The co-owner of the country's largest producer of farm equipment, who doubles as a political leader, is drumming up support for a referendum that could force the government to backtrack on the WTO.
The hurdles to holding a popular vote may be unsurmountable, Konstantin Babkin conceded Tuesday, but the effort shows that WTO membership, just a technicality away, opens a new front in internal politics.
Babkin and his allies plan to formally set up a group Wednesday that will kick off preparations for the referendum, a process that requires numerous approvals from the Central Elections Commission and the collection of 2 million signatures in support of the vote.
"The clauses of the law are such that it is difficult to pull this off," he said in an interview in his office in Moscow near the Krylatskoye metro station. "At any moment, a decision by an official … may block this whole thing.
"But we think we need to do this because it's a very important issue and it affects everyone. This will not only take a certain amount of money out of people's pockets, but also pose a question about the country's future — will there be any or not."

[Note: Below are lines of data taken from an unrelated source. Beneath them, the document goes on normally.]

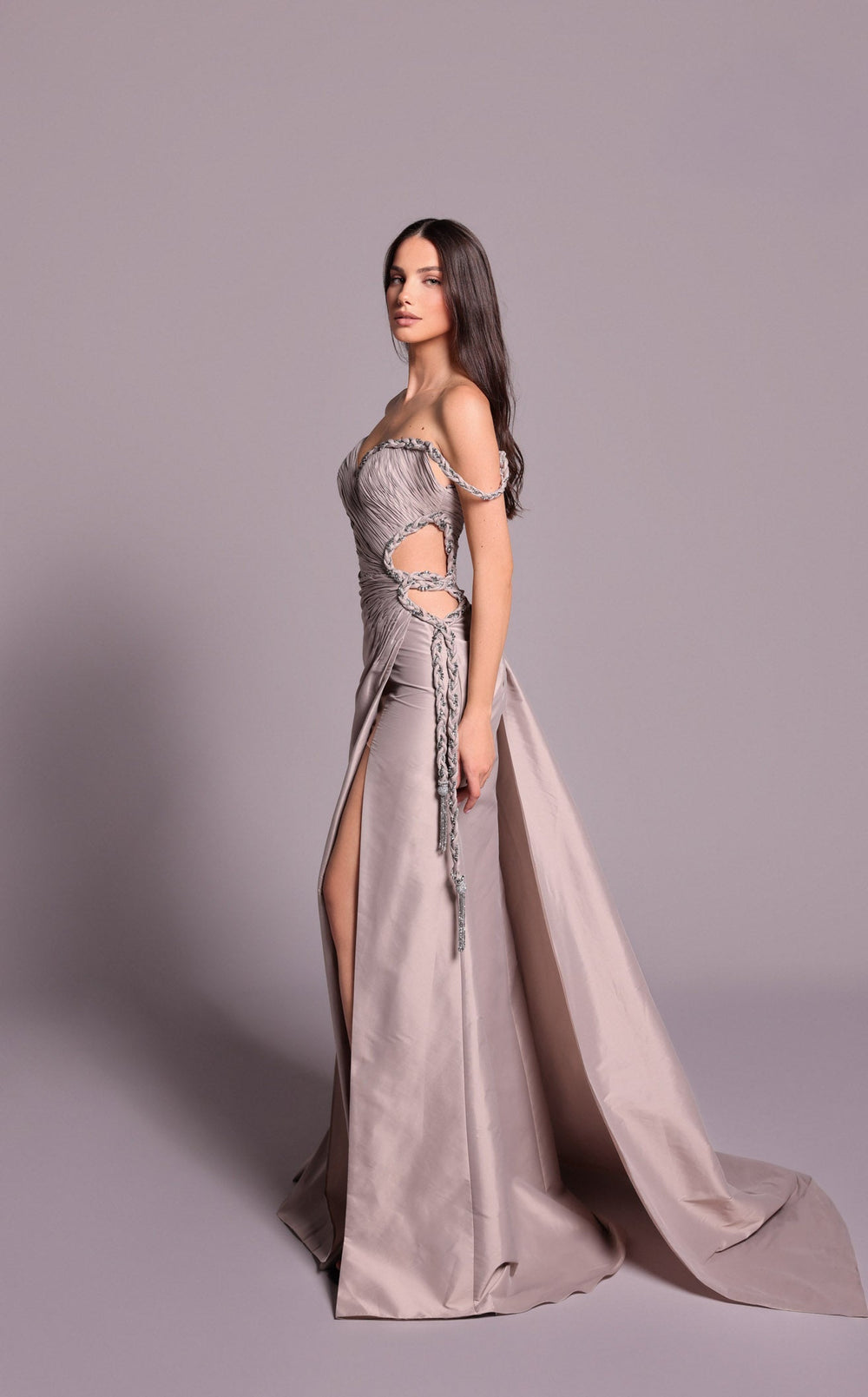 Tarik Ediz 99108 Mink
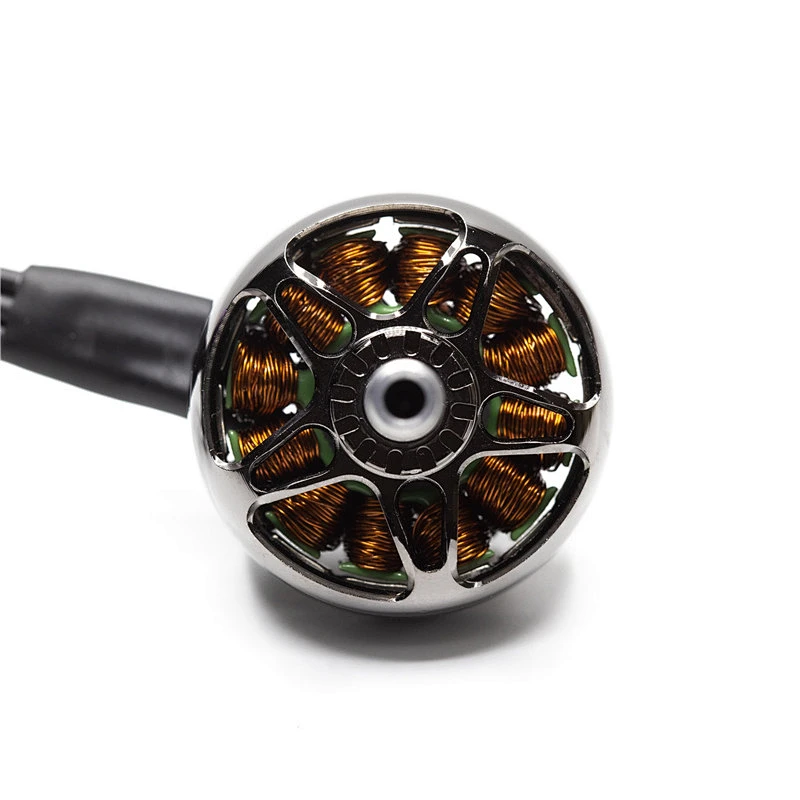 EMAX ECO II 2207 Motor 6S 1900KV Brushless Motor for FPV Racing RC Drone
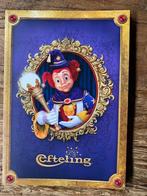 efteling jaarboekje, Verzamelen, Efteling, Ophalen of Verzenden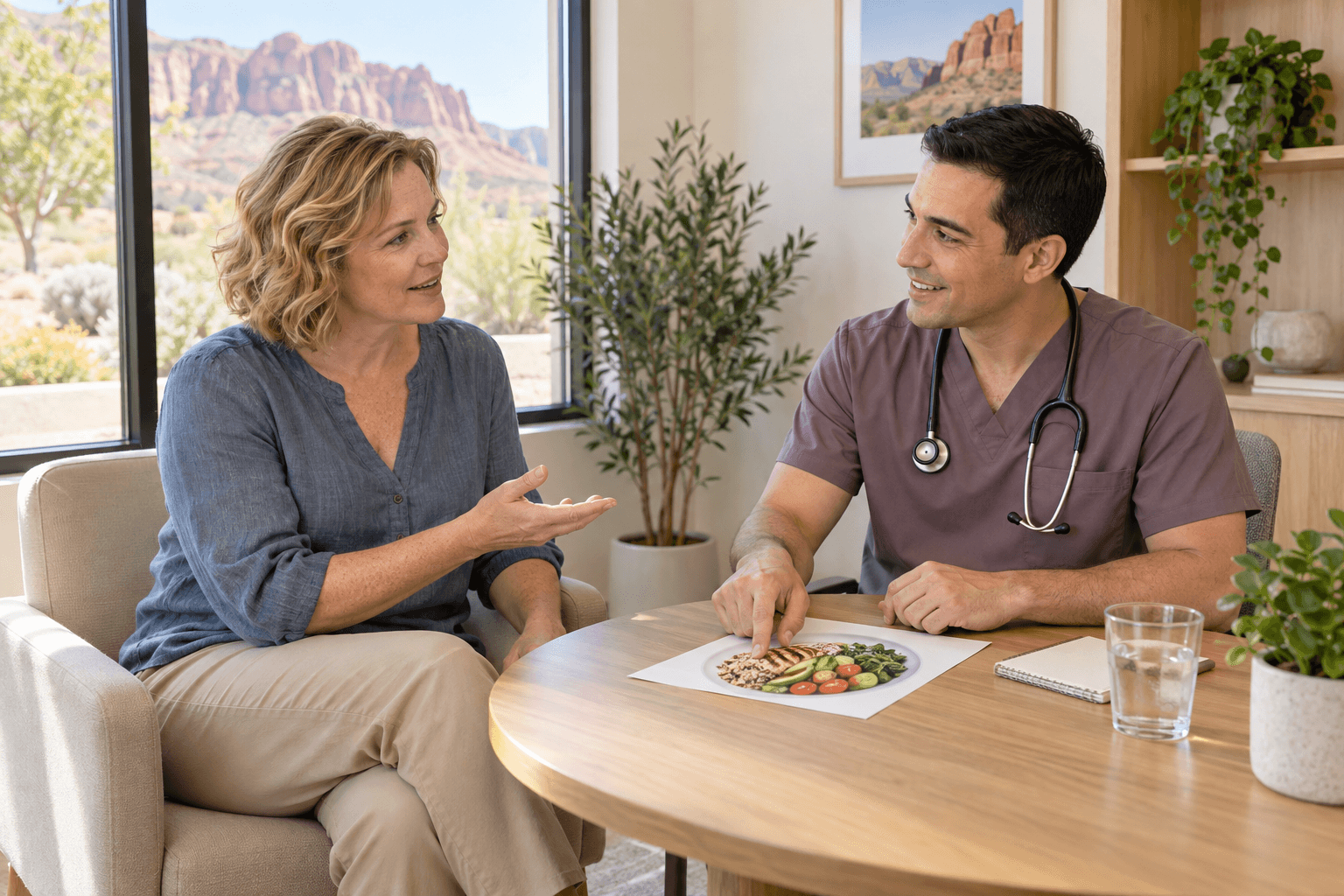 Prediabetes And Insulin Resistance Management In St. George, Utah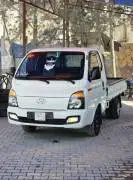 Hyundai Porter 2017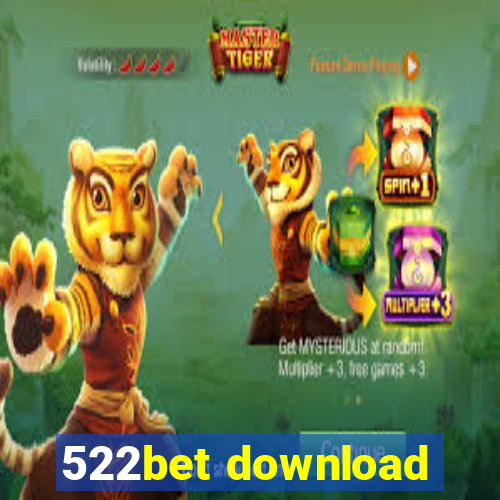 522bet download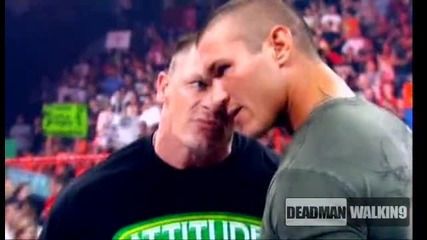 Breaking Point 2009 - Opening Video | High Quality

Babkin is a co-owner of Novoye Sodruzhestvo, whose assets include farm equipment makers Rostselmash in Russia and Buhler Industries in Canada. Rostselmash's equipment accounts for at least 50 percent of the market, which is worth 1 billion euros ($1.33 billion) of annual sales.
The businessman also leads an unregistered political party — the Party of Action — that he founded in 2010 with a focus on farmers. The Justice Ministry has twice rejected its requests for registration, citing the noncompliance of its charter with federal law.
Party activists, Babkin said, will help organize the referendum. He said several other political movements came on board the effort, the biggest of them being the Communist Party.
Communist Konstantin Shirshov, a State Duma deputy, is reportedly a member of the group that will start referendum preparations Wednesday. Calls to his office and cell phones went unanswered Tuesday. The Communist Party press office had no comment.
Babkin said Russia, in a heavy blow to its economy, agreed to cancel or lower 1,500 import duties upon its entry into the WTO, the global trade arbiter. The country in December received an invitation to join the organization, and will become a member some time in the summer after the parliament ratifies the agreement.
The referendum could take place in winter, Babkin said. The question on the ballot would ask, "Do you approve of Russia's accession to the WTO on the terms of the protocol of December 15, 2011?" Babkin said.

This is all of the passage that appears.